Would you rephrase the article to make it clear it's a module designed to make the kernel vulnerable and not a vulnerability of a kernel currently in use?

And if I read the article correctly, you have to be root to load the module

I don't think you understand what's going on. A kernel-side null-pointer dereference is normally a denial of service, but this article explains how to convert it into privilege escalation.

Using a kernel module with the bug in it lets the article talk about that particular transformation, without emboldening a bunch of script kiddies with a new rootme script. You can of course replace that kernel module with any null-pointer dereference you happen to notice in the kernel changelog.

> A kernel-side null-pointer dereference is normally a denial of service, but this article explains how to convert it into privilege escalation

Still, the title can be misinterpreted. The vulnerability being used is not a "real one" but one injected by a kernel module.

It's: "If there was a vulnerability, here's how to exploit it. And here's a sample one you can practice with."

Actually there are several different things working in concert here. 1) The ability to mmap adress 0 2) Code which knows how to escalate privileges of an entire process if run in kernel space. 3) A kernel module which intentionally calls a bad pointer, to illustrate the point.
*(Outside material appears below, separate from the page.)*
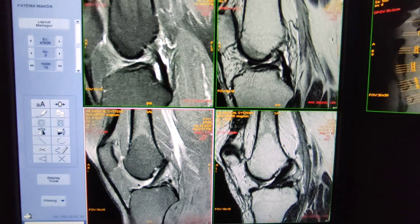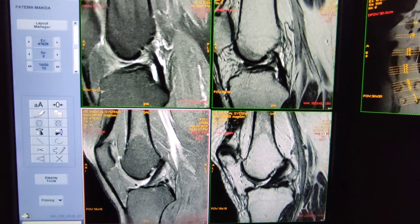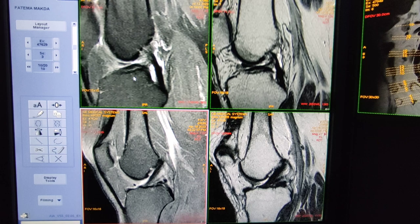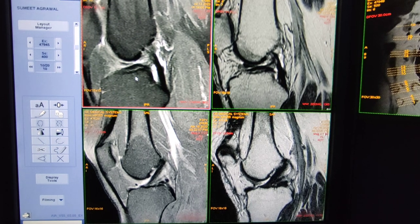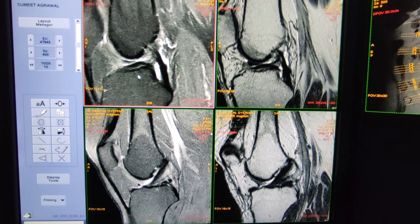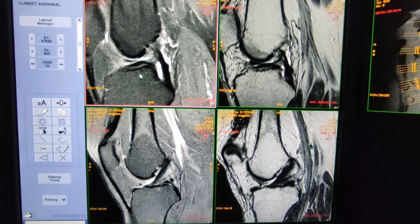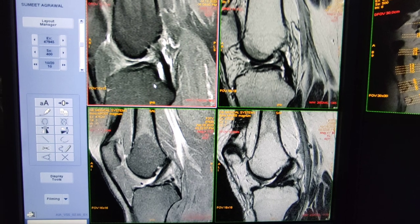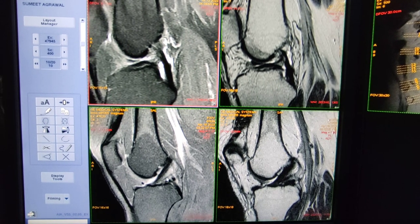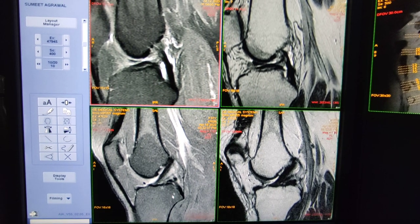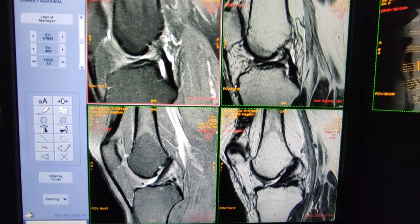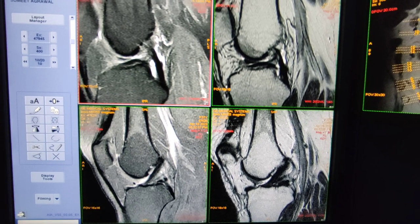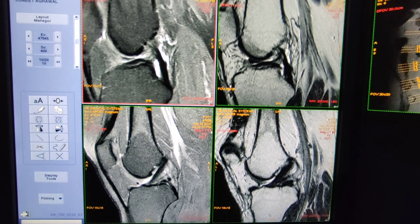Hello friends, welcome to my channel. Today I'm going to show you how to diagnose a complete ACL tear on MRI — how it looks on MRI. First of all, I will show you the normal ACL and how it looks.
3 by itself is not a vulnerability. In fact, it is by itself just a stupidly written peice of code, the real vulnerability is in 1 & 2 which take advantage of a vulnerability in null pointer handling.

In fact, even if I didn't know anything other than 1 and 2, It is possible to start fuzzing syscalls until I accidentally cause one to dereference a null pointer, in which case it is game over.
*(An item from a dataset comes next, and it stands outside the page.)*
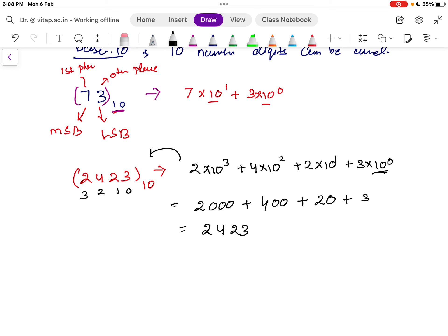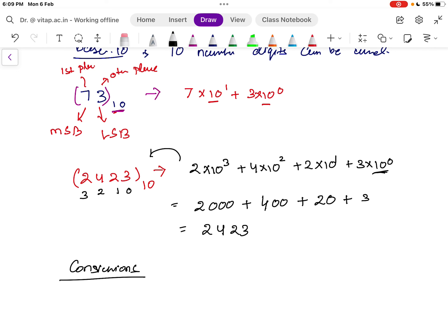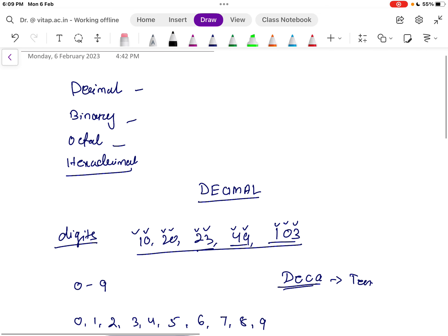This is how you represent a number with its place value. Later, there are different techniques to convert one number system to another — we call that conversion of number systems. Once we know all the number systems, we will go towards conversion. In the next video, we will see the binary number system, octal number system, and hexadecimal number system.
Edit: another way to say this is: Kernel null pointer vulnerabilities are a class of vulnerability, much like buffer overflows are a class of vulnerability. Even if there is just a toy example of the exploit in an article, it doesn't change the concept. Much like the classic "Smashing the stack for fun an profit"

"Dereferencing null pointers for fun and profit" would have been a great title.

The module used in the article was simply to demo the exploit. It could be used against any null deference vulnerabilities found in current kernels (the article uses a recent one as an example as well).

The point of the article is to demonstrate why they are dangerous, and how they are exploited, not to provide an example of a current vulnerabilty.

If you found such a vulnerabilty (which does happen, hence the example given in the article) you would be able to use this technique to root. (Assuming you were able to circumvent mid address limition on mmap, which the author says used to be, and possibly still is feasible.)

The title seems to accurately describe the article, given a "kernel NULL pointer vulnerabilty" here is how to root it.

There are plenty of such such vulnerabilities in the wild: http://www.google.com/#hl=en&q=kernel+null+pointer+deref...

There are so many things we take for granted when programming. It's always enlightening to see how simple bugs can turn into serious vulnerabilities for the clever hacker.

As programmers we really should educate ourselves about these things because there can be unusual interactions which you don't expect, such as caching behavior, or spreading your data across many virtual pages on a heavily-used machine.